Mistakes are a fact of life. We would all like to think we do not make them but unfortunately this is not possible. Your medical records, if you don’t know, are not immune from these mistakes. In the past, many of these records were not accessible to everyone. At the present time, with the way electronic records are being utilized, it has become quite easy for doctors or staff to “clip and paste” the same mistakes over and over again. This locks in those errors, which then seem impossible to correct. In the case of my wife, it was interesting to see this happening. Thirty years ago a physician treating her erroneously stated that she had had a hysterectomy. Although this was an error it was maintained and reproduced on almost all her records after that.
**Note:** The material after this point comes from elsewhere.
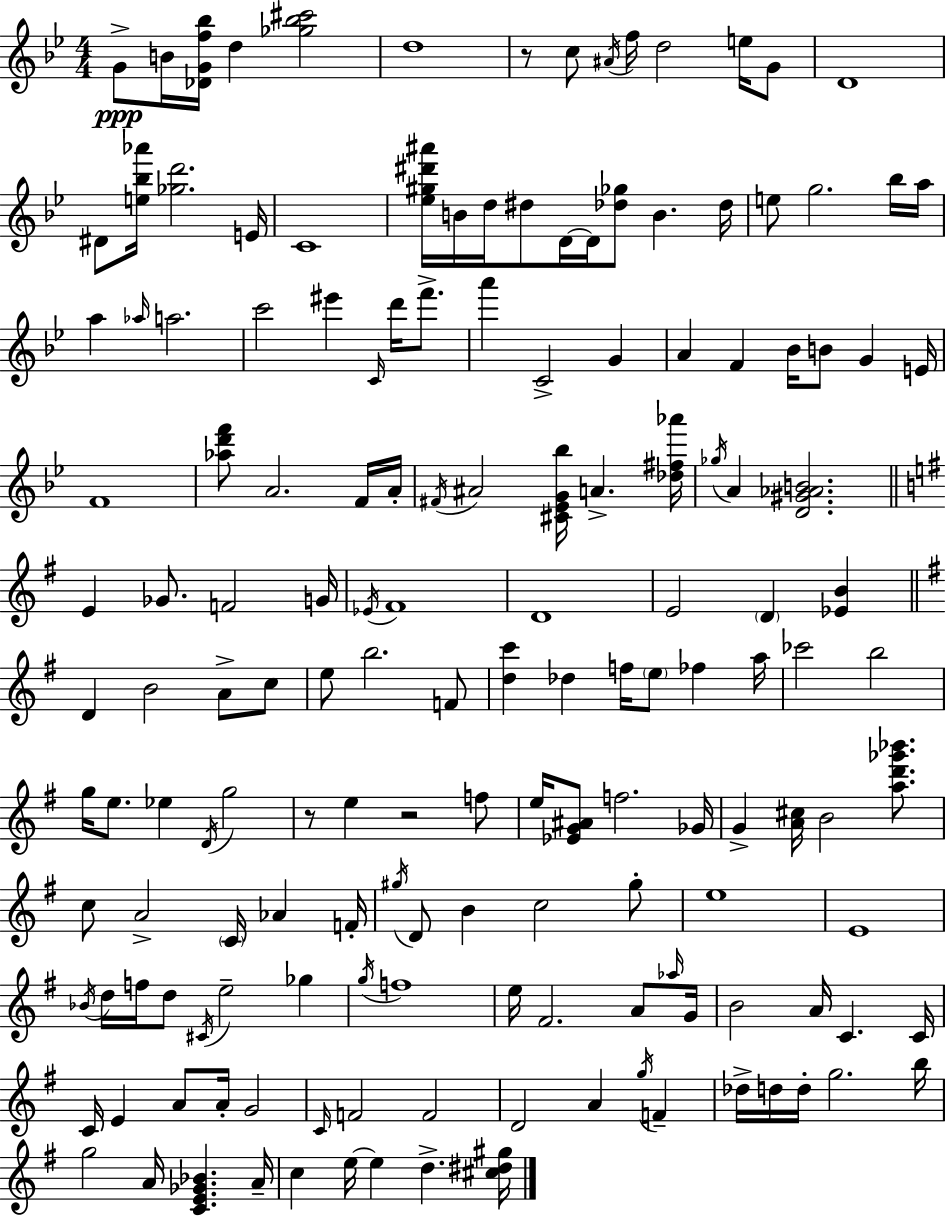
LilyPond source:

Unfortunately, medical record mistakes can follow a person’s medical record for life. I would like to think this is a minor problem but it can result in major errors in the future. The advent of electronic medical records has made this issue that much easier and more commonplace. What people might not know is that many diagnoses make it harder or more expensive to get health insurance and it is almost impossible to correct.
The increasing growth of the EMR in our future will only result in the perpetuation of these errors because right now there is no easy way for patients to fix them. This needs to change. Doctors need to stop taking the easy way out and do their own history and physical and ask the patient if the information is correct or not. Patients need access to their charts so they can help stop any errors that slip through before the cycle starts in the first place.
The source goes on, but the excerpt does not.